» **Task item**:
In the answer, each line from the top of the material through the line that contains "MICHAEL KORS Florence" is restated exactly. No picture is given again.

» **Materials provided**:
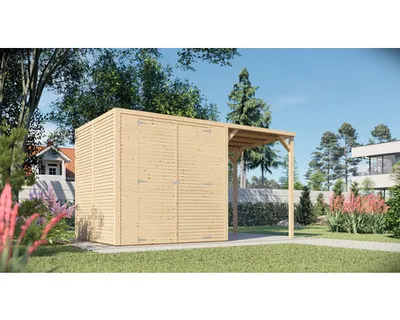 Produktbild von Gartenhaus Bertilo Cubico 3 Plus Fineline Rhombusprofil 373 x 211 cm natur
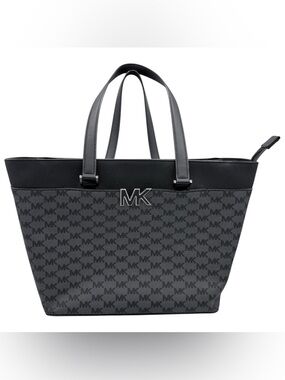 MICHAEL KORS Florence Large MK LOGO Zip Black Tote Shoulder Bag Purse MSRP $325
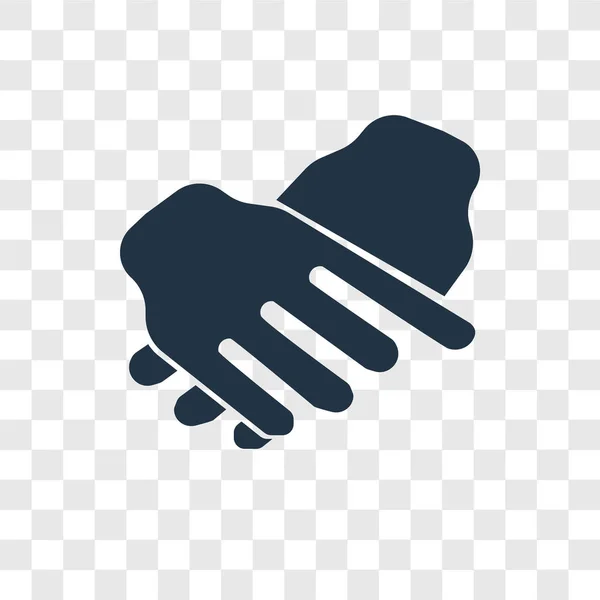 Handdruk Vector Pictogram Geïsoleerd Transparante Achtergrond Handshake Transparantie Logo Concept — Stockvector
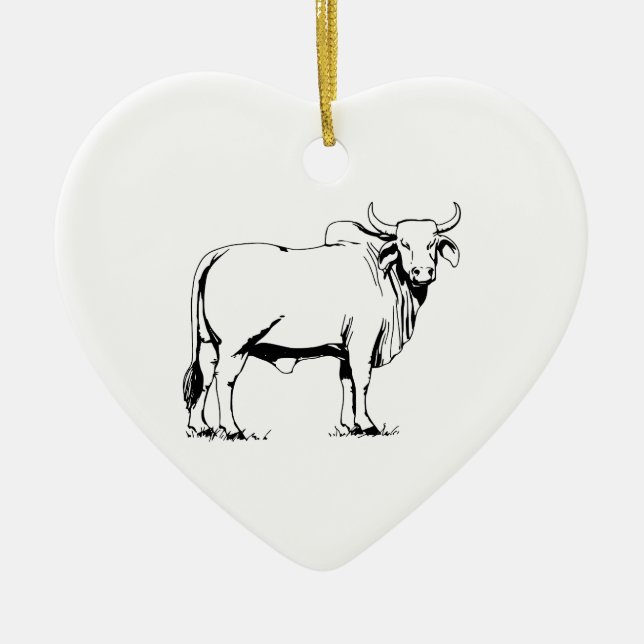 Brahman Cow Ceramic Tree Decoration (Front)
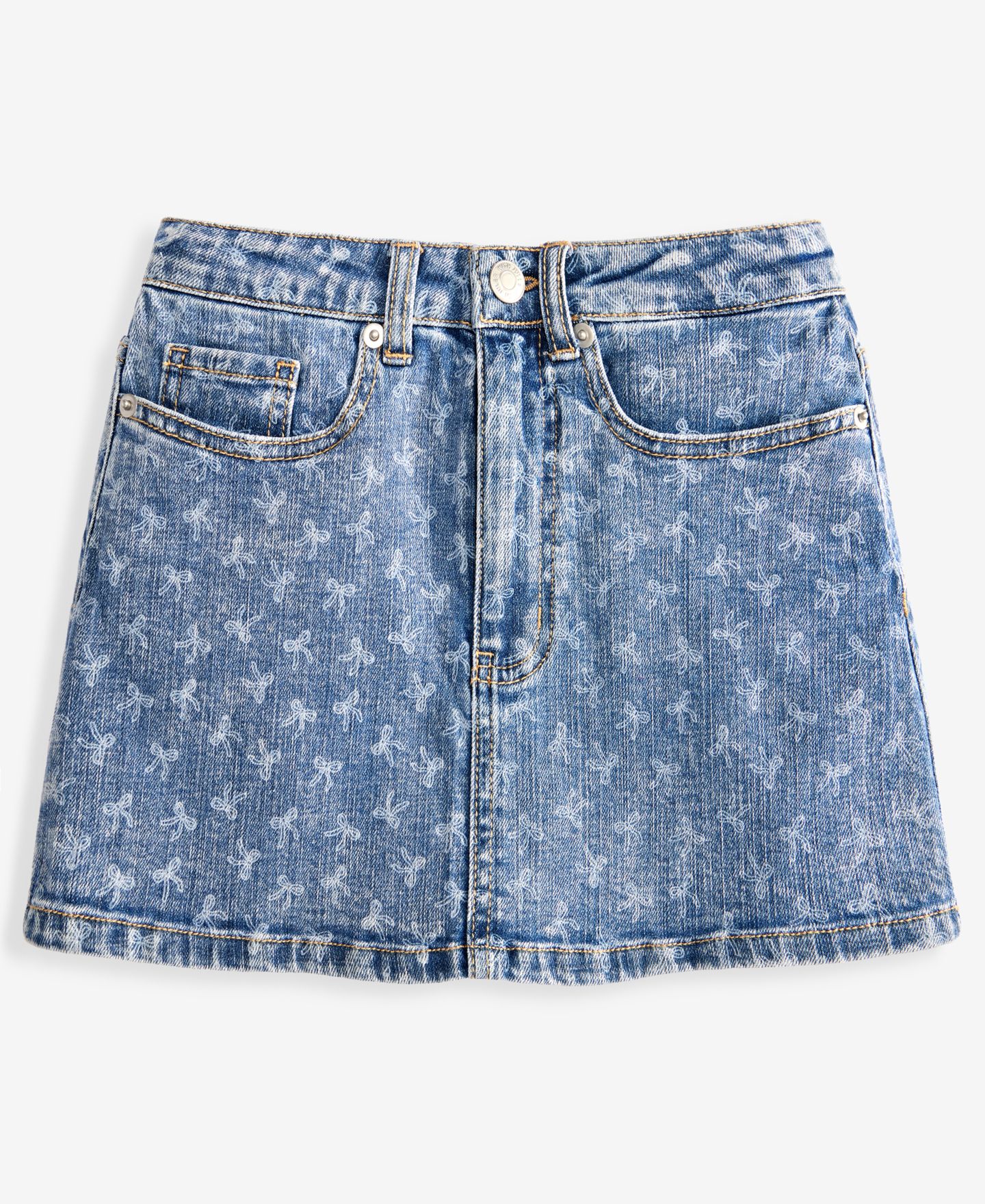 Юбка With Jules Bow-Print Denim Skirt для девочек, цвет: Синий — фото 1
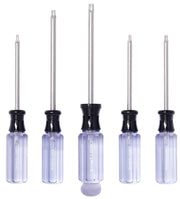 Photo of CRAFTSMAN CMHT65051 Torx screwdriver set with clear handles, five pieces, front view on white background.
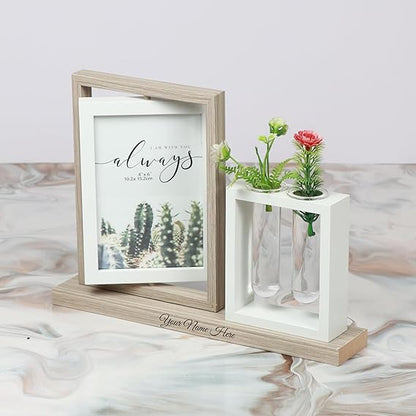 Personalized Photo Frame with Vase Stand, 14x18 cm, Wooden Base, Double Display, Name Engraving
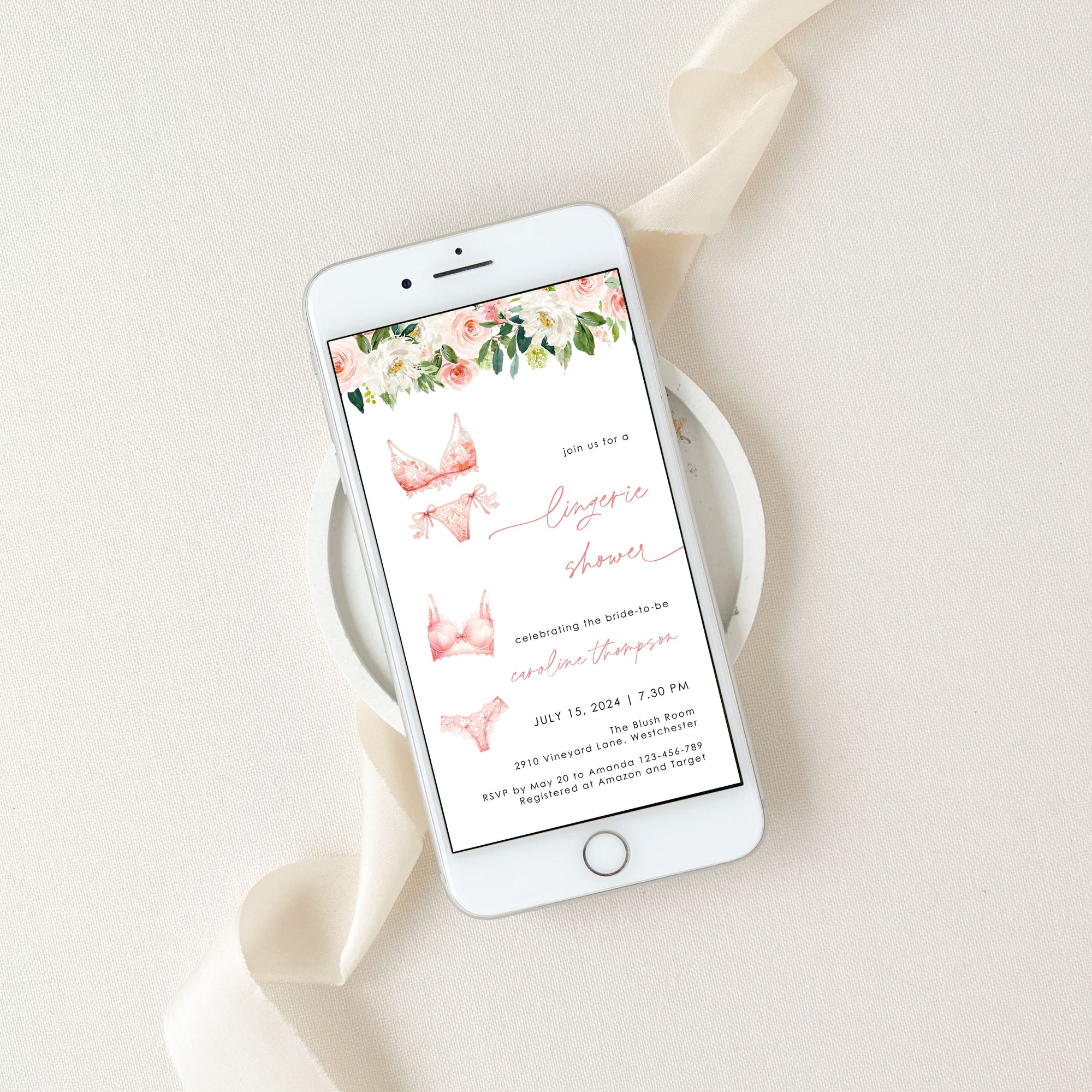 Lingerie Shower Invitation Card Digital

» **Solved problem**:
 Produktbild von Gartenhaus Bertilo Cubico 3 Plus Fineline Rhombusprofil 373 x 211 cm natur
 MICHAEL KORS Florence Large MK LOGO Zip Black Tote Shoulder Bag Purse MSRP $325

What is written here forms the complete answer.